WHAT THE EXERCISE ASKS:
Each record below should be output verbatim, without pictures.
=== DATASET ENTRIES ===
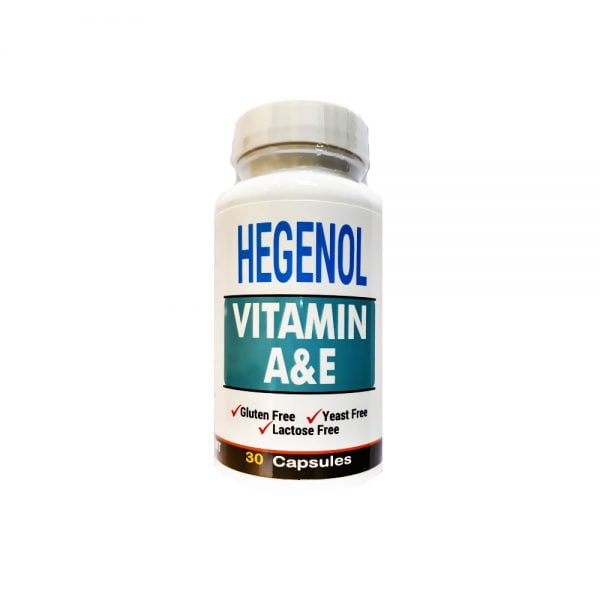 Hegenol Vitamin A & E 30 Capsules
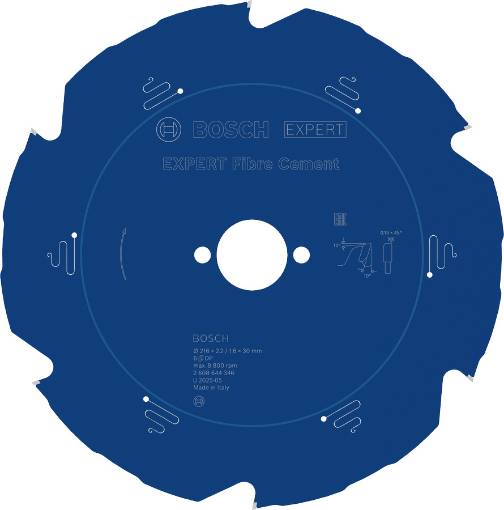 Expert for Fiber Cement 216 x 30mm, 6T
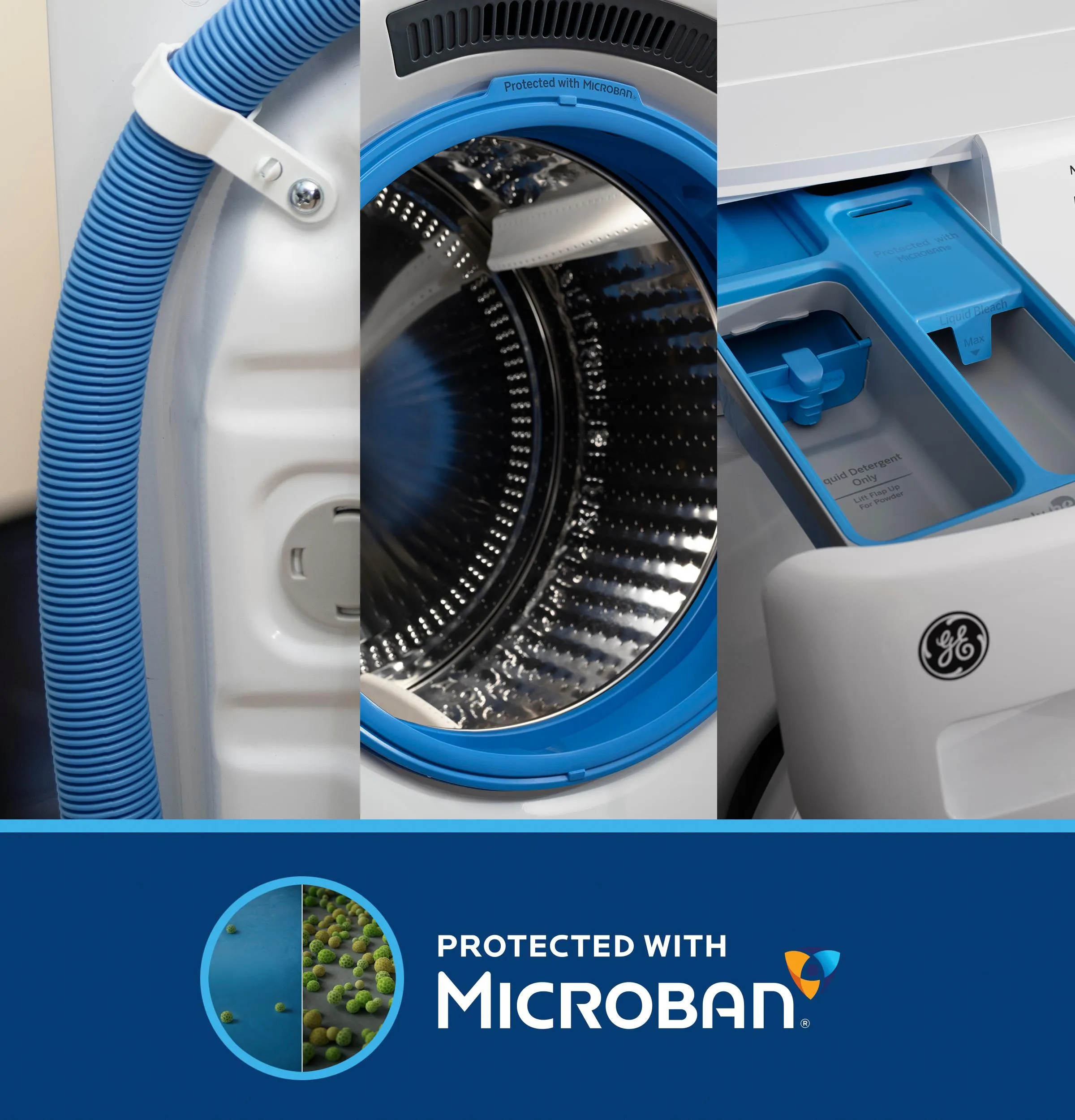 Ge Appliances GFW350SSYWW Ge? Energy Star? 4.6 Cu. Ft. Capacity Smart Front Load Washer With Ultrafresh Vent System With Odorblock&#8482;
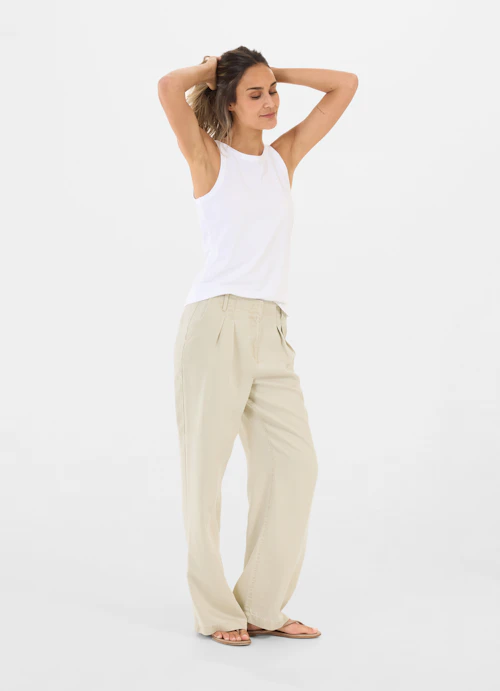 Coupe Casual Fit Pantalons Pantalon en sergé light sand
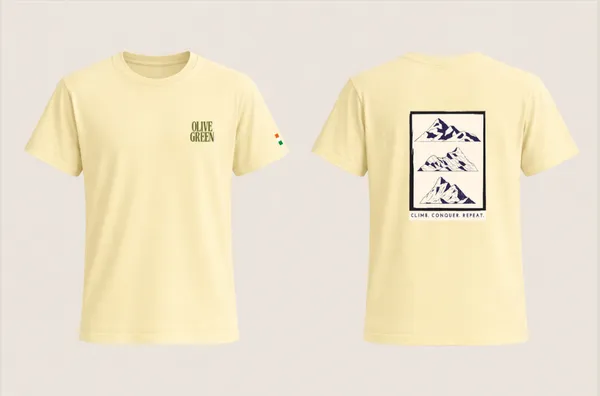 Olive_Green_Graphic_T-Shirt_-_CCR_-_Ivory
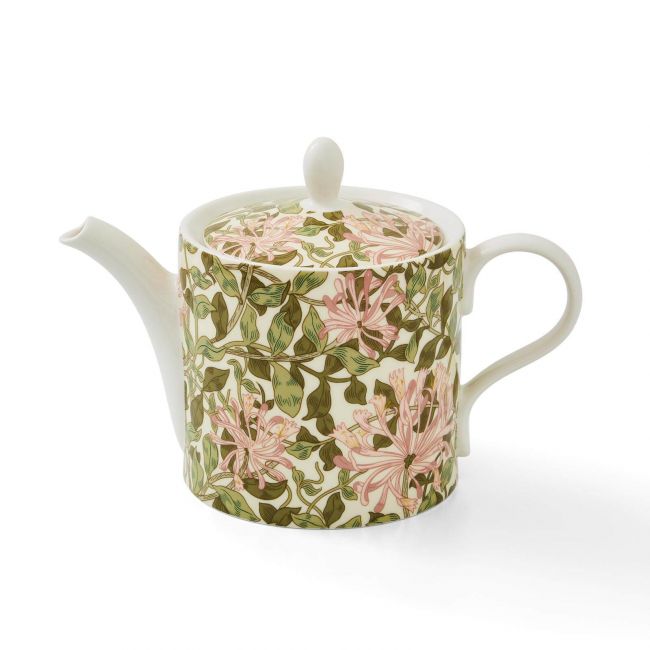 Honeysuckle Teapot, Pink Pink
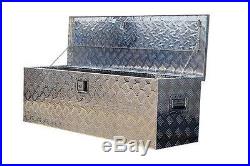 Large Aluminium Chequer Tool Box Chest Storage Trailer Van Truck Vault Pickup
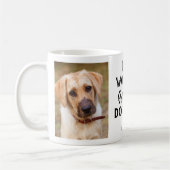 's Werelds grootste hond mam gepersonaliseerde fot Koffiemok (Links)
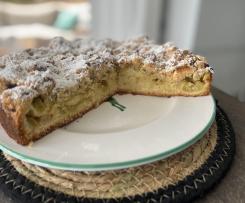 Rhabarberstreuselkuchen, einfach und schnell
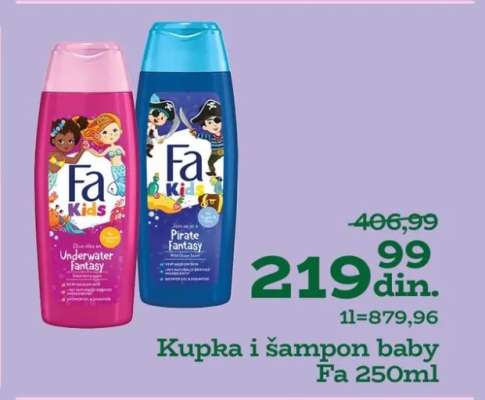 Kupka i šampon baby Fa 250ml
===
RESULT OF THE EXERCISE:
 Hegenol Vitamin A & E 30 Capsules
 Expert for Fiber Cement 216 x 30mm, 6T
 Ge Appliances GFW350SSYWW Ge? Energy Star? 4.6 Cu. Ft. Capacity Smart Front Load Washer With Ultrafresh Vent System With Odorblock&#8482;
 Coupe Casual Fit Pantalons Pantalon en sergé light sand
 Olive_Green_Graphic_T-Shirt_-_CCR_-_Ivory
 Honeysuckle Teapot, Pink Pink
 Large Aluminium Chequer Tool Box Chest Storage Trailer Van Truck Vault Pickup
 's Werelds grootste hond mam gepersonaliseerde fot Koffiemok (Links)
 Rhabarberstreuselkuchen, einfach und schnell
 Kupka i šampon baby Fa 250ml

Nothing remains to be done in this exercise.